It's been long, me residing in my body. oh wait, it's been hell long life for me living my life! But i couldn't figure out what's wrong?
Huh? Nothing's wrong everything is fine- more than fine But wait. Why do i feel it's wrong then? Deep! Down! Somewhere..... Ohh that's crap! And i am shit, since shit goes in my head what more do i expect? But wait, something's wrong
Do i need someone? Hell yeah, that's the whole point. But i have everyone:) supportive family, loving friends, me, myself! What more do i need? Bullshit! I told you right? I need SOMEONE! But, i have everyone ughhhhhhh!
Should I die? Why will I? God has blessed me with such a beautiful life (◕ᴗ◕✿). Is it a lie? Hellll noooo! Why do you even think so? Sorrow and happiness are brothers in vain, one should learn to smile in pain.....

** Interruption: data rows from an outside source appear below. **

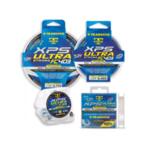 Флуорокарбоново влакно Trabucco XPS ULTRA FC403 SALTWATER
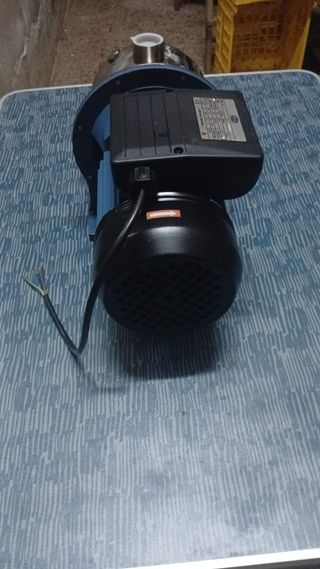 Electro Bomba INOX-100 Pyd - 1HP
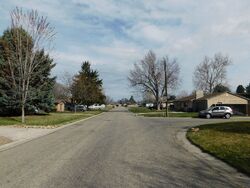 N Westland Dr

Ohh wait, where's the pain? I have a pretty life, i am happy right? Actually the pain is right here, in my head.
I am an attention seeker and i play victim card(but i swear, it's not my life guard) then,. What's the matter? Why did i cry? Why am I sad? Why do i want despair?
Ughhhhhhhh! It's long "me being me" but i couldn't figure out, what's wrong with me.